Entries shown section start
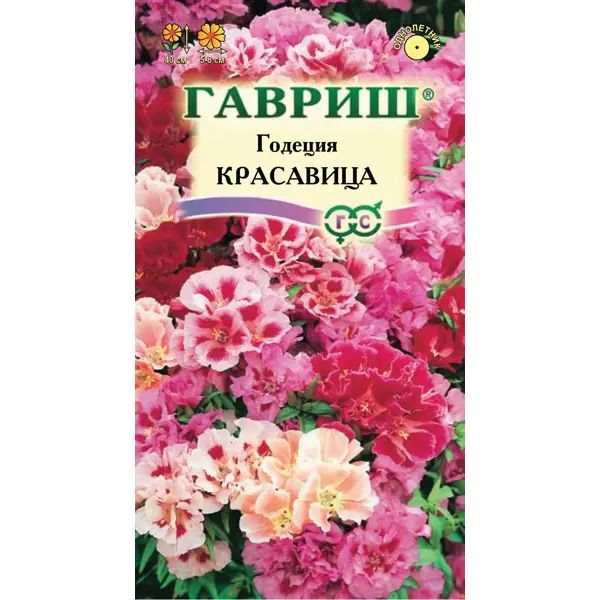 картинка Годеция махровая Красавица 0,1 г Г семена от магазина Евродом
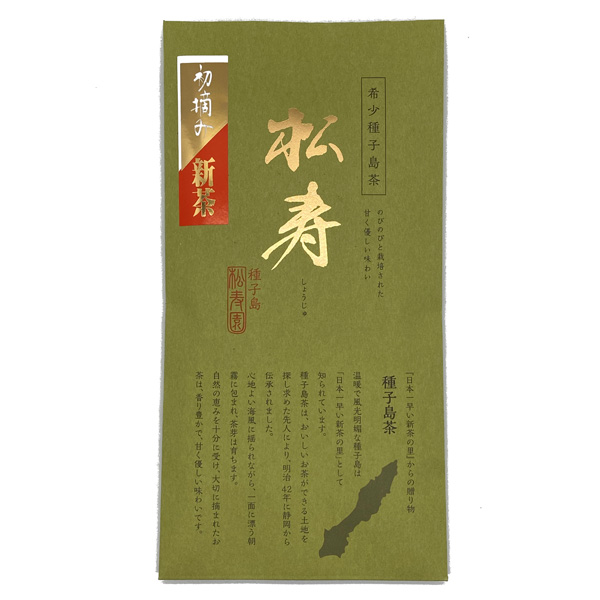 Shincha_Tanegashi_Shoujo_2020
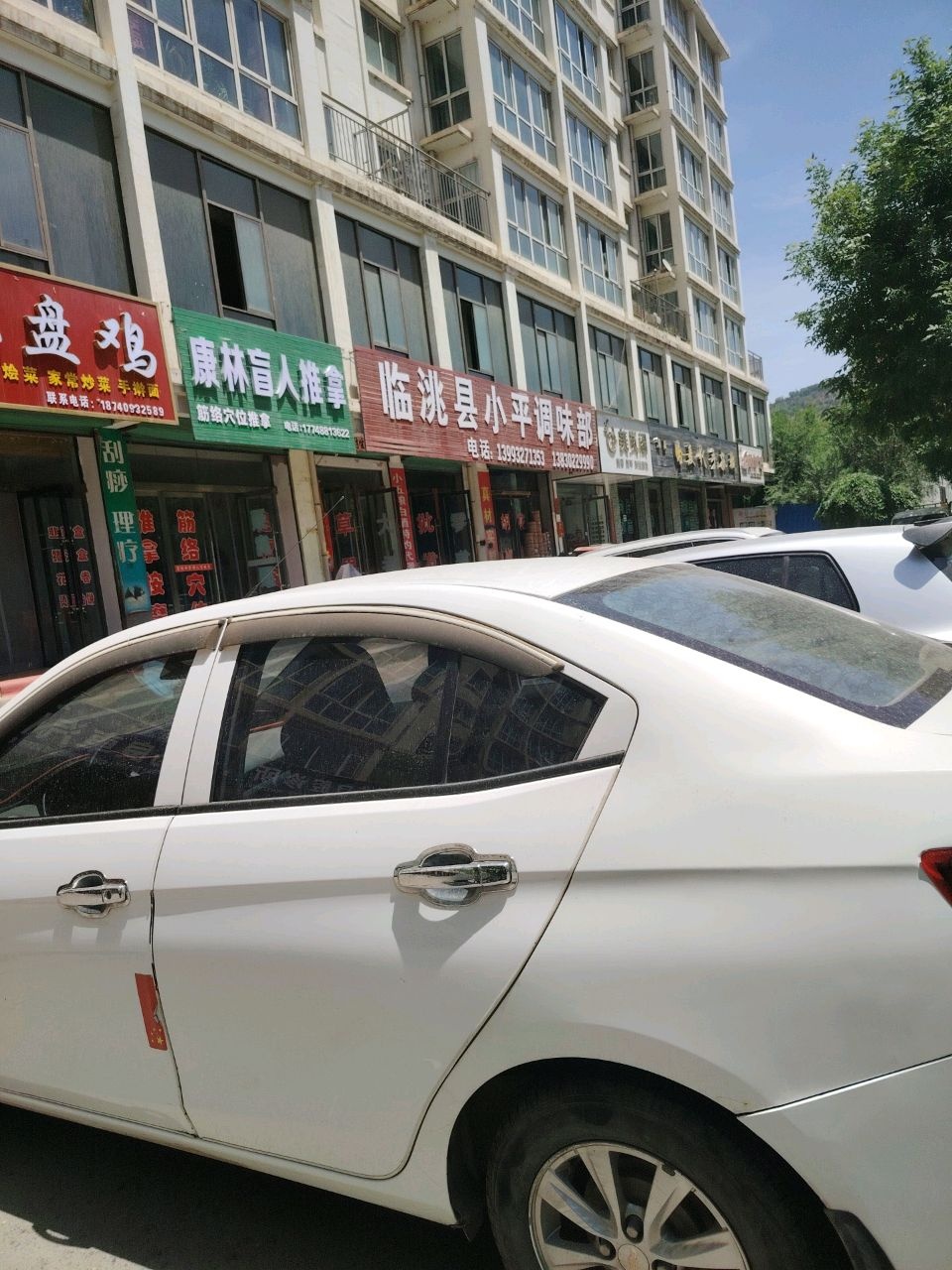 康林盲人推拿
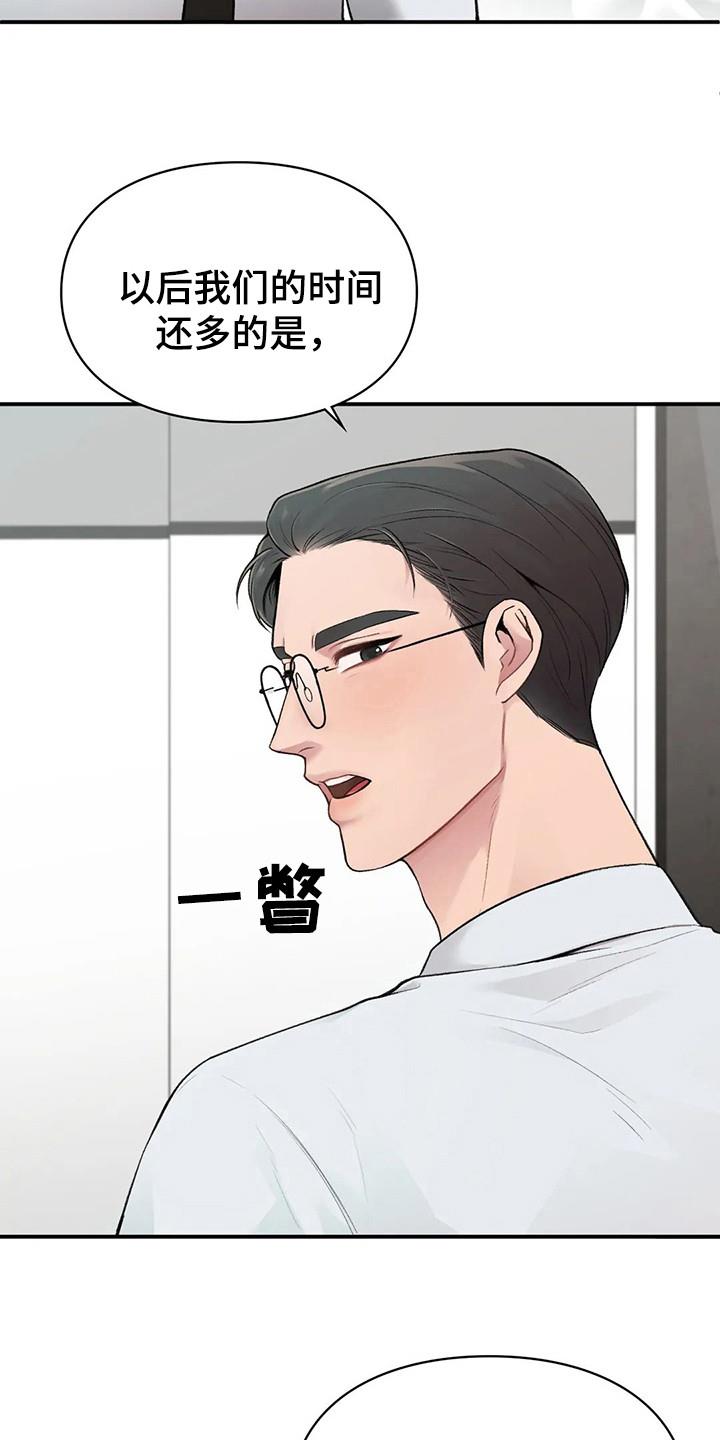 第8话 负责任 第 9 页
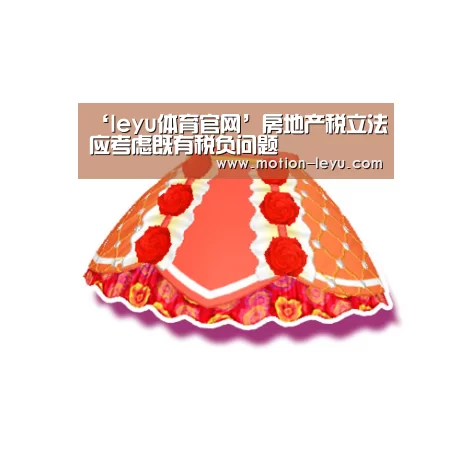 乐鱼官网登录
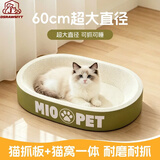 DSRAWMYT猫抓板 猫窝 耐磨耐抓白牛卡瓦韧纸一体猫爪板大号磨爪器猫咪玩具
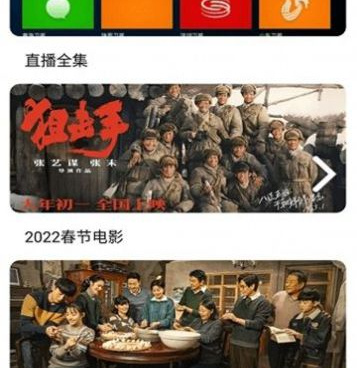 和布谷tv很像的手机软件合集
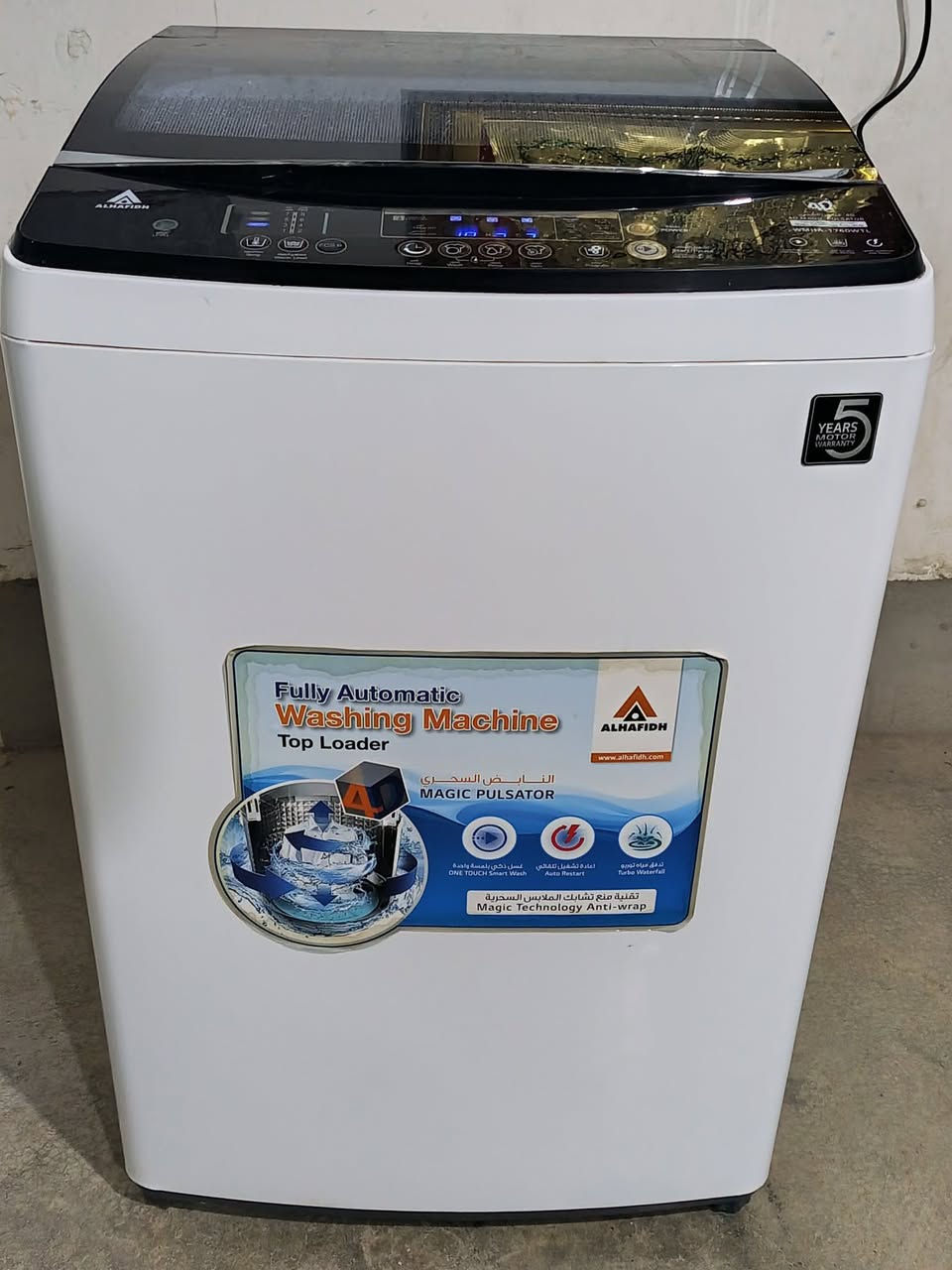 للبيع غسالة فوق اوتماتيك 
شرط الشغل والنظافة 100%
16كيلو 180الف بيها مجال للشراية 
***********واتس
***********فقط واتس
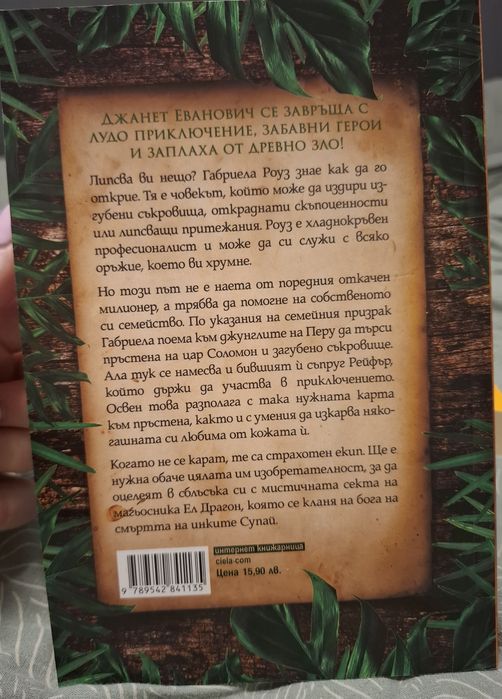 Книги- ще ви предпишем котка,преди да те видя,пръстенът на цар соломон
Entries shown section end
• [Directions for this task]
Your task is to repeat, word for word and with no picture, every line from the one that contains "和布谷tv很像的手机软件合集" through the last line of the data.

• [Reply]
 和布谷tv很像的手机软件合集
 للبيع غسالة فوق اوتماتيك 
شرط الشغل والنظافة 100%
16كيلو 180الف بيها مجال للشراية 
***********واتس
***********فقط واتس
 Книги- ще ви предпишем котка,преди да те видя,пръстенът на цар соломон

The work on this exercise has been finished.